SOCIONICS. NOT MBTI. SOCIONICS.

I'm done. At least know what system you are criticizing before you do. I also thoroughly disagree with your assertion of how the MBTI works, but since this isn't even the MBTI subforum, I don't give a fuck about correcting them.


----------



## FearAndTrembling (Jun 5, 2013)

Peter said:


> To be honest, this is not accurate at all. Actually, accuracy has nothing to do with it. The whole idea is wrong. It assumes that functions are individually in charge. This is never the case. An INTJ for example can have difficulties expressing his thoughts because Ni's perceptions come to him everything but words. He has to use Te to translate these perceptions into words. Something can make total sense while he can't explain it right away. He'll need time to think this through before he can express it.
> 
> Also, perception functions don't really express anything. Judging functions do. So Se saying "it's cold outside" doesn't happen. It depends on what their strongest judging function is for something to be expressed and what a judging function expresses depends on the perceiving function.
> 
> So you´re going to have to make it more complete/complex.
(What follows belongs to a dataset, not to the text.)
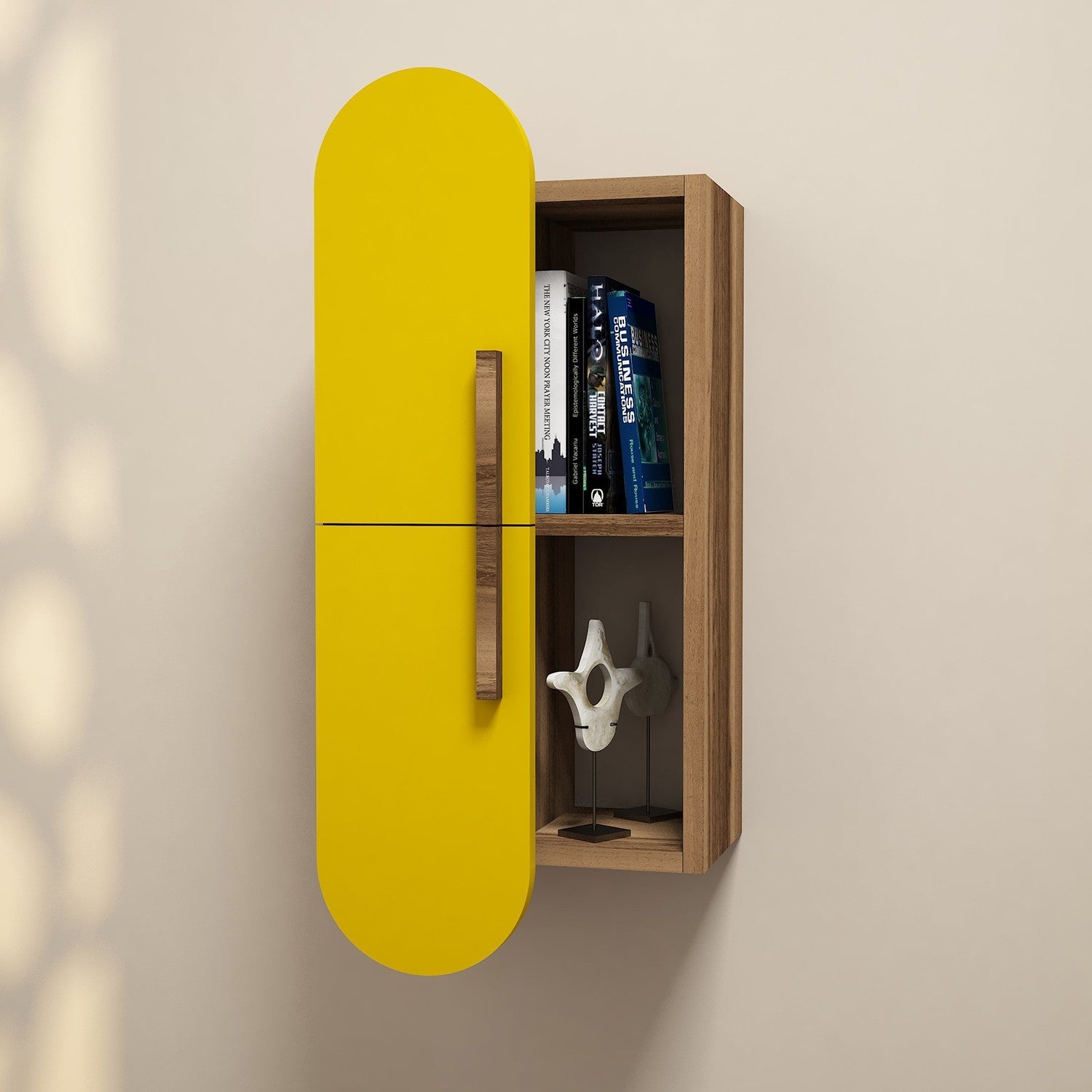 Prateleira de Parede Bohemian, Nogueira e Amarelo, 35 x 60 x 22 cm | Painel de Partículas 100% Revestido com Melamina, 18 mm de Espessura | Armazenamento Elegante com Várias Prateleiras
It is so wrong. For example, "It is cold outside" as Se. lol. Focusing on exterior sensation. It is the most literal understanding of the function that one could come up with. "I have a toothache" must be Si then. OBviously not. These are things that people say --everybody says-- when they experience those things. It is simple linguistics. lol. On cold days here, a lot of people mention that. It has nothing to do with Se. It has to do with it being cold outside. Everybody talks about the environment.


----------



## The_Wanderer (Jun 13, 2013)

FearAndTrembling said:


> Everybody talks about the environment.


Everybody has and uses all eight IMs too...


----------



## FearAndTrembling (Jun 5, 2013)

The_Wanderer said:


> Everybody has and uses all eight IMs too...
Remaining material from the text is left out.